__Stored data__:
•••
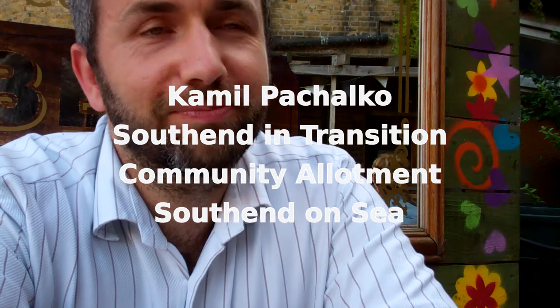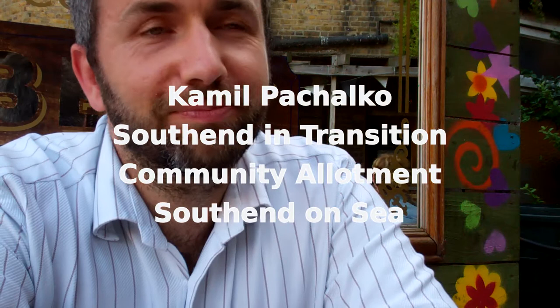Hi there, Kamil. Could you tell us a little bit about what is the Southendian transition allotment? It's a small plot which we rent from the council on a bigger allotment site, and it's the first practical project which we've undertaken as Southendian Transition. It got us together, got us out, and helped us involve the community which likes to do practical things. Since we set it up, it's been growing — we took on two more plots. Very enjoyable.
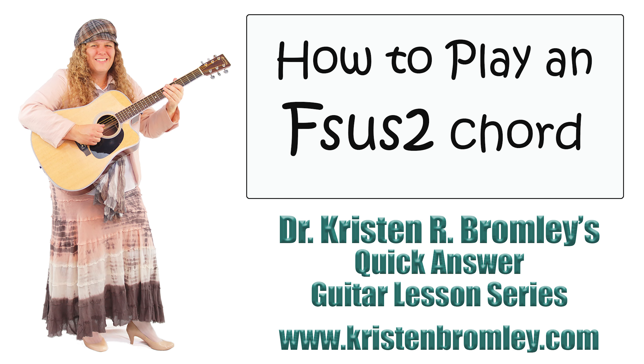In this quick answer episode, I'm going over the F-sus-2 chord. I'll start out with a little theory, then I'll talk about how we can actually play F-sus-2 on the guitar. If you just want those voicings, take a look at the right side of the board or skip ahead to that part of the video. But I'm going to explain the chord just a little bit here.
•••
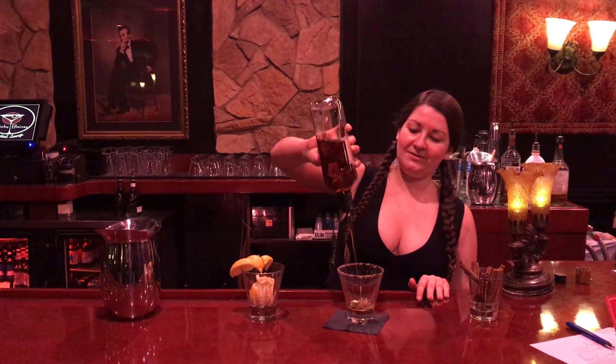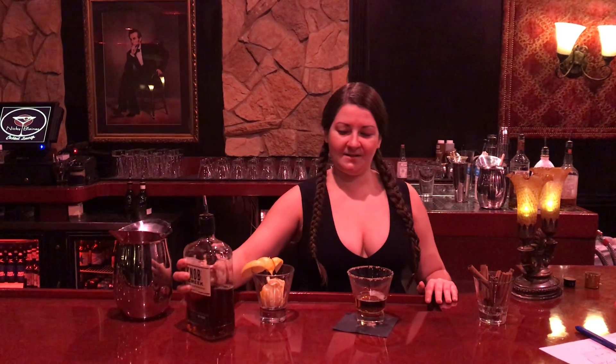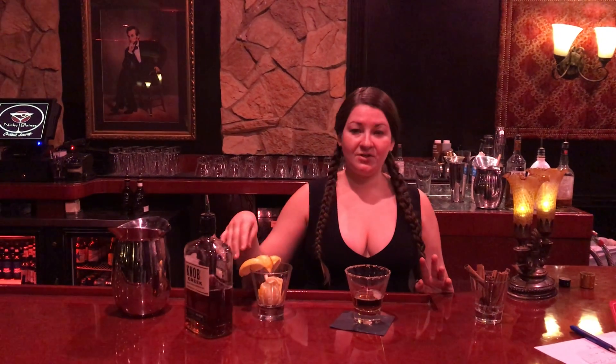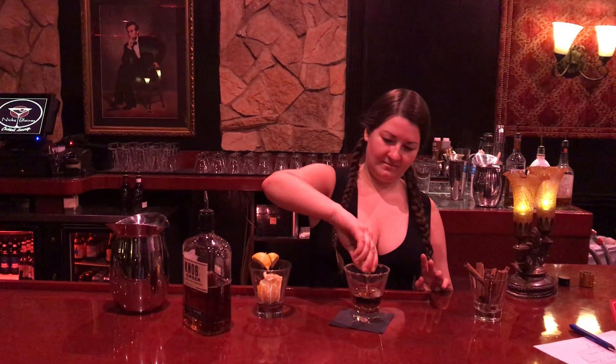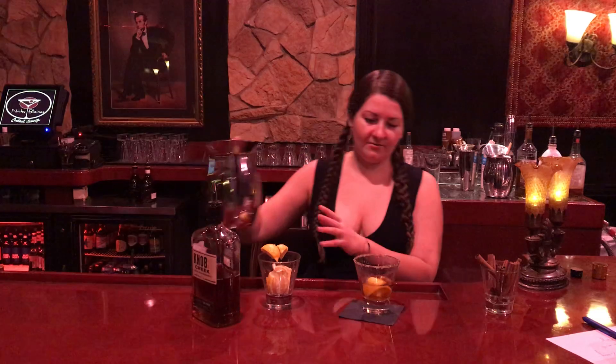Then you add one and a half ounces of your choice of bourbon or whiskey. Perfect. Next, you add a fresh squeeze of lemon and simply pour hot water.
•••
__About this task__: Range to copy from the records above: the line containing "Hi there, Kamil." to the line containing "In this quick", both included. Output those lines exactly and only those, skipping pictures.

__The completed task__:
Hi there, Kamil. Could you tell us a little bit about what is the Southendian transition allotment? It's a small plot which we rent from the council on a bigger allotment site, and it's the first practical project which we've undertaken as Southendian Transition. It got us together, got us out, and helped us involve the community which likes to do practical things. Since we set it up, it's been growing — we took on two more plots. Very enjoyable.
In this quick answer episode, I'm going over the F-sus-2 chord. I'll start out with a little theory, then I'll talk about how we can actually play F-sus-2 on the guitar. If you just want those voicings, take a look at the right side of the board or skip ahead to that part of the video. But I'm going to explain the chord just a little bit here.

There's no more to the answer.